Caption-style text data
··········

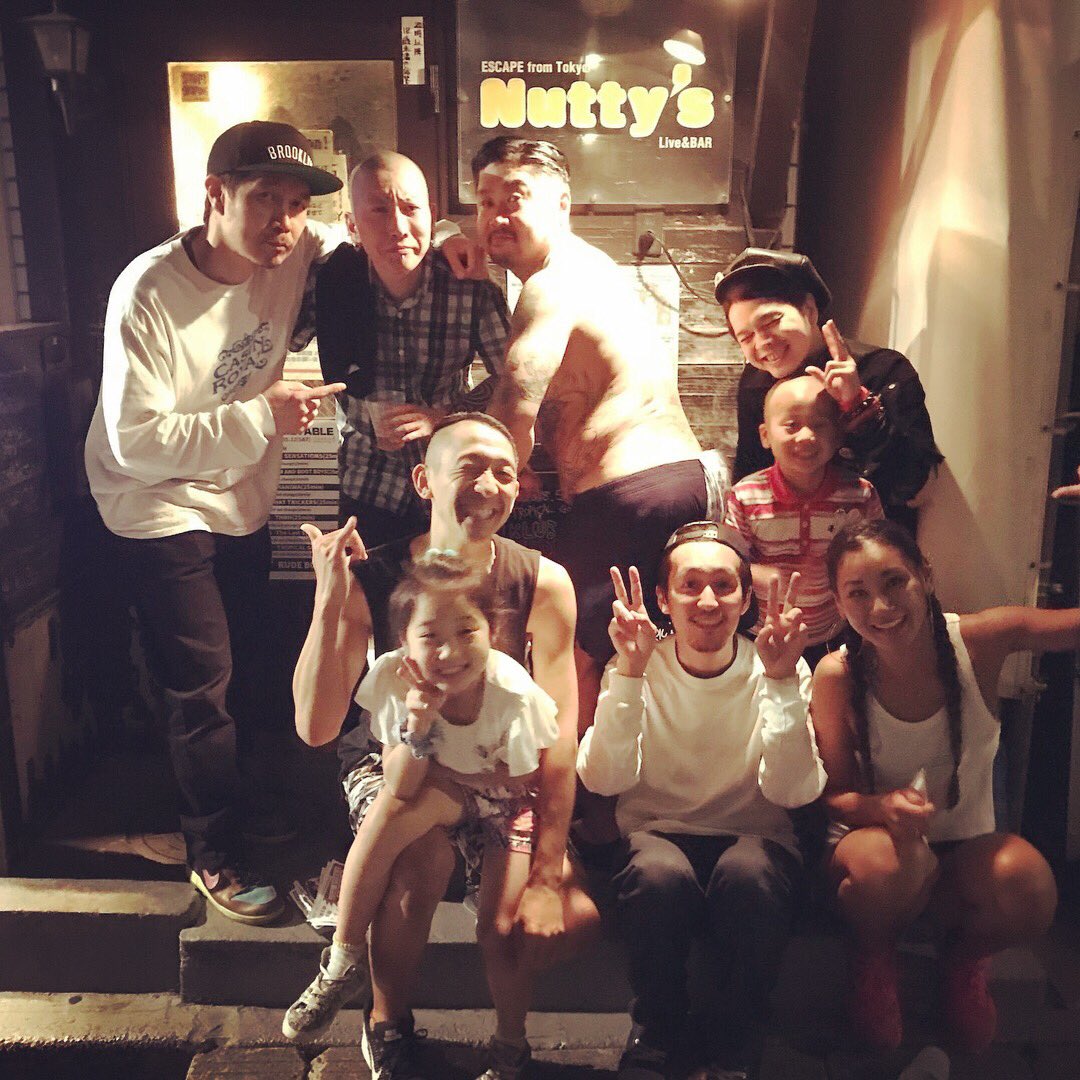 xxx3906xxx's tweet image. "KLUB TROPICANA"
.
ありがとうございました。
.
なんまら楽しかった。
.
来週末はKEMURIツアーさいたま編👉UP&amp;amp;UP👉竜平会で遊んでくださいね👅💫
.
#rudebones #thrh #tropicalgorilla  #seekanddestroy #竜平会 #nuttys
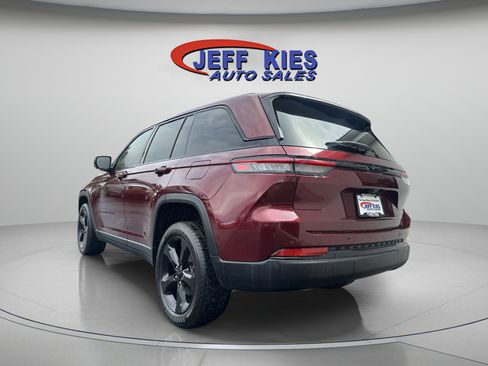 Used 2023 Jeep Grand Cherokee Altitude image 4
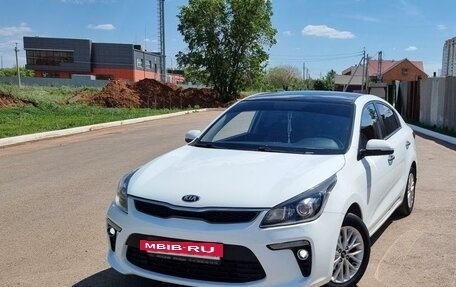 KIA Rio IV, 2018 год, 1 650 000 рублей, 2 фотография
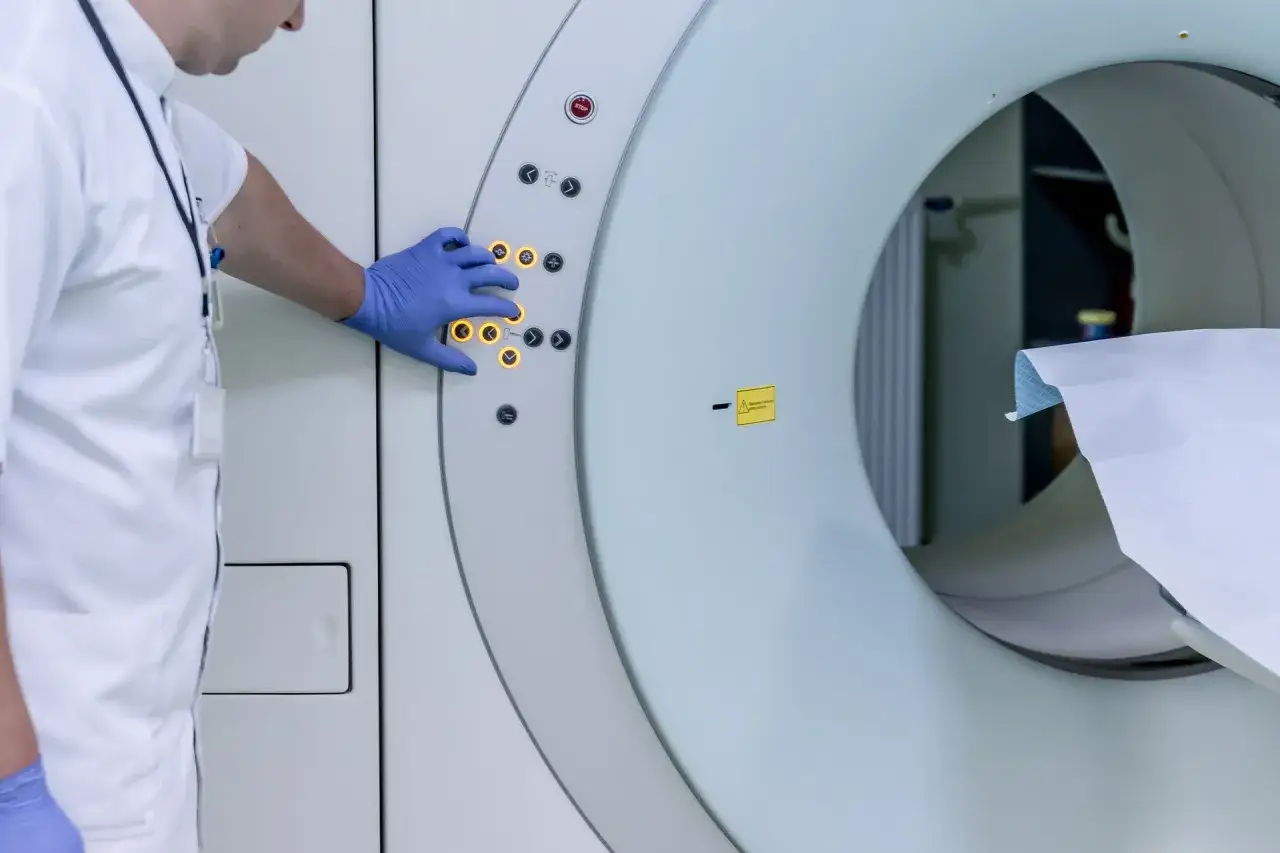 Długa kolejka do rezonansu magnetycznego NFZ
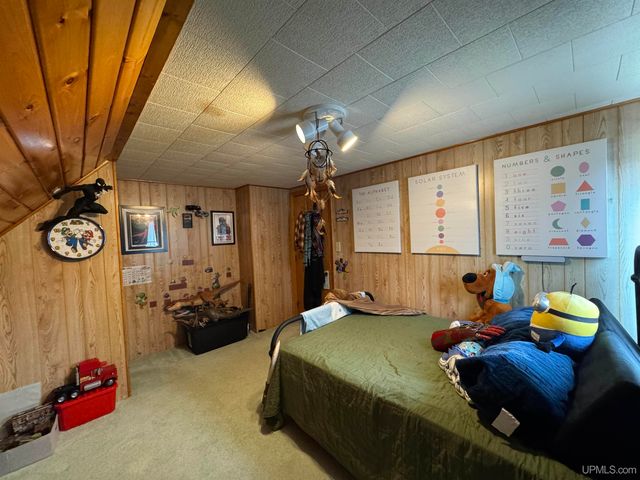 5305 E Sunset Road, Ironwood, MI 49938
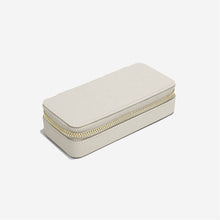 Load image into Gallery viewer, Oatmeal Medium Zipped Travel Jewellery Box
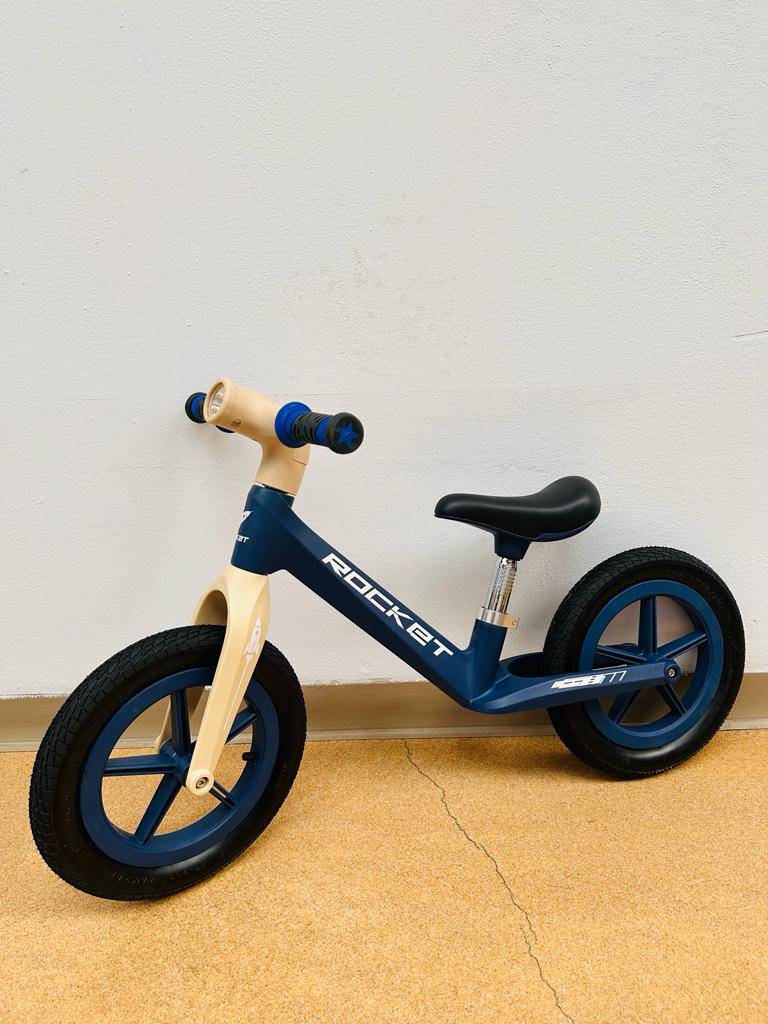 Bicicleta fara pedale ROCKET cu roti gonflabile , marime roti 12 inch si lumini, albastru - gogobaby.ro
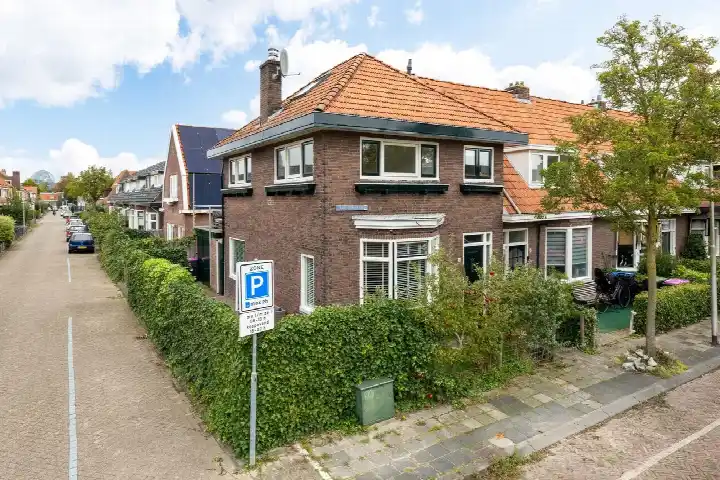 Hoekwoning te koop: Gerard Doustraat 10, Gerard Dou Leeuwarden
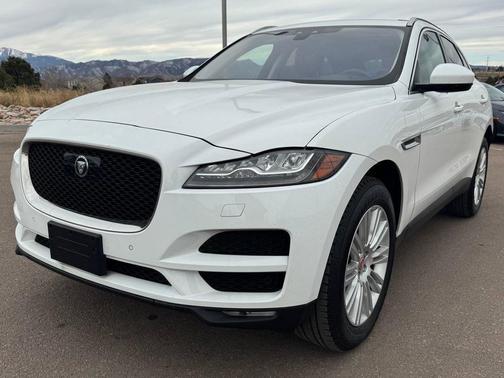 2019 Jaguar F-PACE 30t Portfolio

··········

- **YOUR TASK**:
Set down the records exactly, without the pictures.

- **TASK RESPONSE**:
 xxx3906xxx's tweet image. "KLUB TROPICANA"
.
ありがとうございました。
.
なんまら楽しかった。
.
来週末はKEMURIツアーさいたま編👉UP&amp;amp;UP👉竜平会で遊んでくださいね👅💫
.
#rudebones #thrh #tropicalgorilla  #seekanddestroy #竜平会 #nuttys
 Used 2023 Jeep Grand Cherokee Altitude image 4
 KIA Rio IV, 2018 год, 1 650 000 рублей, 2 фотография
 Długa kolejka do rezonansu magnetycznego NFZ
 5305 E Sunset Road, Ironwood, MI 49938
 Load image into Gallery viewer, Oatmeal Medium Zipped Travel Jewellery Box
 Bicicleta fara pedale ROCKET cu roti gonflabile , marime roti 12 inch si lumini, albastru - gogobaby.ro
 Hoekwoning te koop: Gerard Doustraat 10, Gerard Dou Leeuwarden
 2019 Jaguar F-PACE 30t Portfolio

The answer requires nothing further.